Apropos: wie genau kam es zu dem Titel dieses Humboldt Lab-Projekts?

Holzer: Er entwickelte sich aus der Thematik des zweitägigen Workshops im Juni 2012. Eine Ausstellung braucht eine Art „Bremsspur“, einen Ort der Entschleunigung für die Besucher, um zwischen dem Alltag und dem Museumsbesuch einen Raum der Sensibilisierung zu öffnen. In der Museologie verwendet man dafür häufig das Wort „Prolog“. Wir haben ihn „Pre-Show“ genannt, weil das offener und nicht so museal oder literarisch konnotiert ist. Die versetzt positionierten Vitrinen wurden zu Hindernissen, die ein Abbremsen, ein Verlangsamen der Besucher erforderten. Das war uns wichtig.

Ist „Pre-Show. Identities on Display“ eine Installation, die auch in anderen, also nicht nur im ethnologischen Museum funktioniert?

Sander: Das denke ich schon. Jeder Ort hat etwas Besonderes und der bestimmt das Vorgehen und die ersten Überlegungen. Von hier führt der Weg zu einer Arbeit, die zwar für den spezifischen Ort entstanden ist, aber auch darüber hinaus in anderen Zusammenhängen Gültigkeit hat. Wenn das nicht auf einer allgemeineren Ebene funktioniert, so zumindest meine Erfahrung, dann funktioniert die Arbeit insgesamt nicht. „Identities on Display“ kann also auch an einem anderen Ausstellungsort gezeigt werden, würde dort aber eine ganz andere Ausstrahlung bekommen und der Rezeption eine andere Richtung geben.

Holzer: Diese Arbeit stellt die generelle Frage an die Museen, wie man mit Eingangs- und Funktionsbereichen umgeht. Die Garderoben beispielsweise sind immer verdeckt angeordnet und im Eingangsbereich nie sichtbar. Es handelt sich um rein funktionale Bereiche. Das Projekt „Pre-Show“ leistet es sich, diese Konvention zu hinterfragen. Denn auch alltägliche Dinge können zum Erlebnis werden und nicht nur die Betrachtung eines indianischen Gewands hinter Glas! Man braucht eine Art „Humus“ für partizipative Experimente; diesen können die Museen eigentlich bieten. Dabei kann bereits das Ablegen der Garderobe ein museales Ereignis sein.

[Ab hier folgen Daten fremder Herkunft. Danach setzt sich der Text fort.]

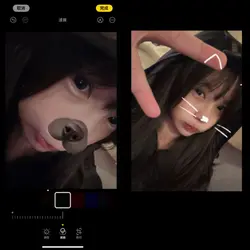 2張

Barbara Holzer führt zusammen mit Tristan Kobler das 2004 gegründete Architekturbüro Holzer Kobler Architekturen in Zürich und Berlin. Das international agierende Studio deckt ein breites Spektrum von Städtebau bis Architektur, von Szenografie bis hin zum Kuratieren von Ausstellungen ab. Seit 2010 lehrt Barbara Holzer als Professorin an der Peter Behrens School of Architecture (PBSA) in Düsseldorf.



Karin Sander ist eine der renommiertesten deutschen Künstlerinnen. Ihre Arbeiten befinden sich in zahlreichen Museen: The Museum of Modern Art (MoMA), New York, Kunstmuseum Stuttgart und Staatsgalerie Stuttgart, Kunstmuseum St. Gallen, Nationalmuseum Osaka u.v.a. Seit 2007 ist sie Professorin für Architektur und Kunst an der ETH Zürich.

Monika Zessnik ist Kuratorin für Amerikanische Ethnologie und Kommunikation am Ethnologischen Museum der Staatlichen Museen zu Berlin. Davor war sie Kuratorin für Vermittlung und Bildung der Staatlichen Museen zu Berlin, Leiterin Kommunikation am Ibero-Amerikanischen Institut und Projektkoordinatorin am Haus der Kulturen der Welt in Berlin.

Barbara Schindler ist im Bereich der Kultur-PR tätig. Für das Humboldt Lab Dahlem betreut sie gemeinsam mit Christiane Kühl die Online-Dokumentation der Projekte.

Das Gespräch fand im September 2014 in Berlin statt.